I can officially say that it is cold in Kaaawa this morning. The thermometer says 60 degrees. In our house, with open windows and light wind wandering through, that’s cold, and I had a bit of trouble rousting myself at the normal early hour. Hence today’s late post.
Last week’s byline strike at the Advertiser has now drawn global attention. This from The Guardian (UK):
Step forward you militant bloggers of the Honolulu Advertiser and take a bow as the world’s first digital newspaper strikers.
Returning to the issue of public financing of elections, Advertiser writer Kevin Dayton got the right of it when he quoted Kory Payne, organizer for Voter Owned Hawaii, in a Sunday story:
Kory Payne, community organizer for Voter Owned Hawaii, said the idea is popular with voters and lawmakers know that.
“The interesting thing about this issue is that everybody likes to say publicly that they support it, and they like to say publicly that they voted in favor of it, but when it comes to pushing for it behind the scenes where the real deal making goes on, then it’s hard to find real champions,” Payne said.
I hope Payne and others think about that for a minute. In my view, the idea is popular, but their chosen vehicle, in this case HB 661, doesn’t fare as well..
Kauai blogger Andy Parx has taken issue with my comments here yesterday on HB 661, and I appreciate the dialogue. Let’s take a look at Andy’s rebuttal.

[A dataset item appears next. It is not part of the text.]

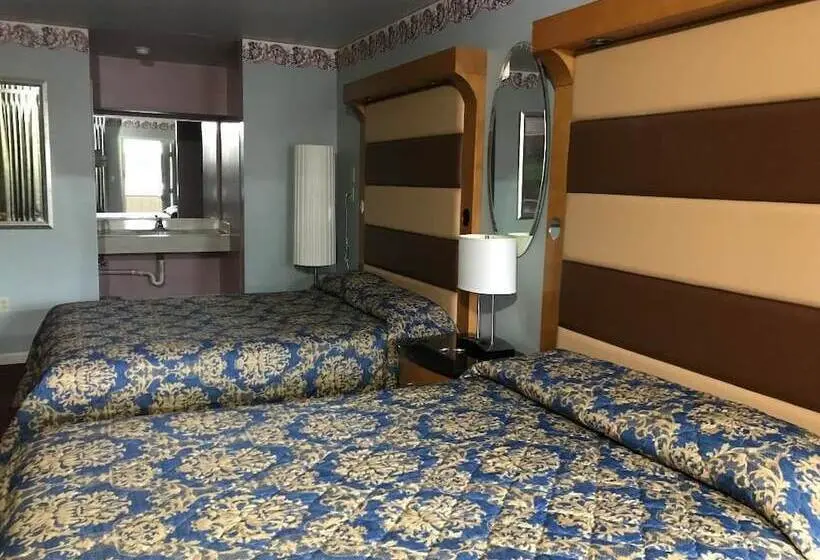 ２ダブルベッドのスタンダードルーム, Village Inn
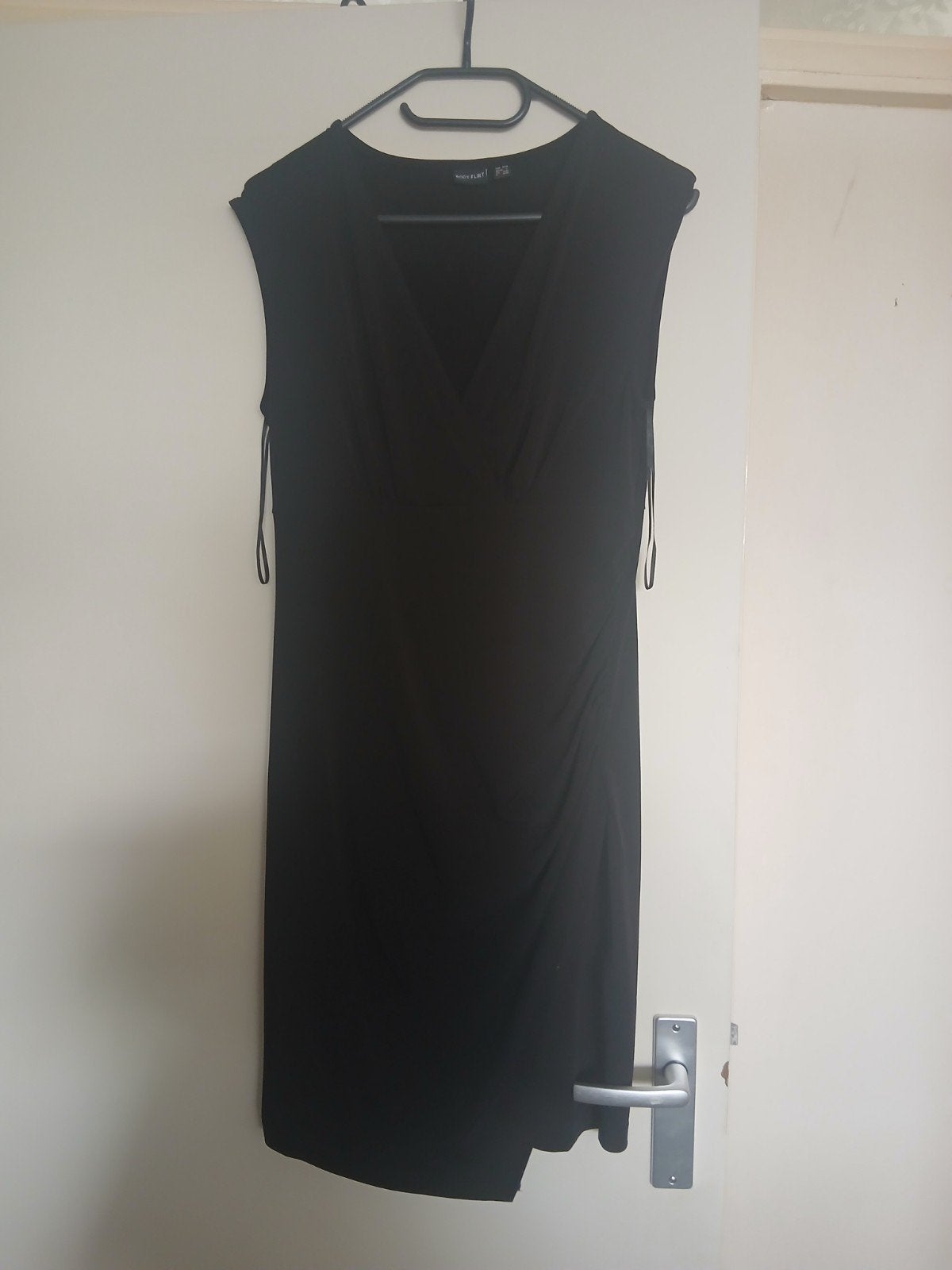 zwart jurkje merk body flirt maat 36/38, Zwart, Ophalen of Verzenden, Zo goed als nieuw, Knielengte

Andy believes that “private contributions” are inherently a political evil, and that getting rid of them is the only way to “rid the system” of special interests.

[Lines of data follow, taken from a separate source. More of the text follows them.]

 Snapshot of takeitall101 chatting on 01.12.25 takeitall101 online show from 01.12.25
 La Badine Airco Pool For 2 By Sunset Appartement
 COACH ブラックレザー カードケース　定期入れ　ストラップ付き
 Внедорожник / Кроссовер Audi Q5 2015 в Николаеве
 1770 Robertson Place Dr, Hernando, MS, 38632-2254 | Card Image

But giving money to the candidate that you favor is one way to participate in the political process. In its prior decisions, the U.S. Supreme Court has repeatedly held that spending money to get a political message across, and giving money to a candidate or other entity to make that communication possible, are forms of constitutionally protected free speech.
The court has allowed restrictions on contributions and expenditures only where that right clashes with another fundamental right, such as the right to control corruption. Contribution limits have been allowed for that reason, but only to the extent necessary. For example, there have been instances of unrealistically low contribution limits being struck down by courts.
Barack Obama has set records raising money from in small amounts from individuals across the country, showing that a popular candidate isn’t at the mercy of those traditional sources of funds. And in the case of a very popular candidate like Obama, donors give because they want him to be able to break away from the pack of candidates. The campaign is seen as important enough for people to dig down and give a few dollars instead of buying that next set of iTune downloads.
And let’s face it. Even if every candidate were required to run their campaign on exactly the same amount of money as everyone else, interest groups aren’t going to disappear. Progressives, also an interest group, will hopefully find progressive candidates to back. Hawaii residents will get excited about a presidential candidate from Hawaii. Smokers will throw their backing behind candidates who promise to spread the smoke. Union members will be more likely to back those who support their interests. And all those special interests, along with industry groups, and ideological groups from MoveOn.org to evangelical lobbies, will try to get their people out to campaign for their favorites. They won’t be going away if they are prohibited from contributing. They’ll probably just work harder to exert their influence in other ways. Their interests will still make a difference. That’s what elections are about.
And HB 661, and its system of public financing, won’t end all contributions through which influence will be wielded by special interests. To quality for public money would require candidates to first get small contributions from a not-insignificant number of registered voters in the district. That’s the first place where special interests will come in as interest groups rally their troops to provide the qualifying contributions. And a successful publicly funded candidate will be able to raise some private contributions after the election to fund their routine office expenses.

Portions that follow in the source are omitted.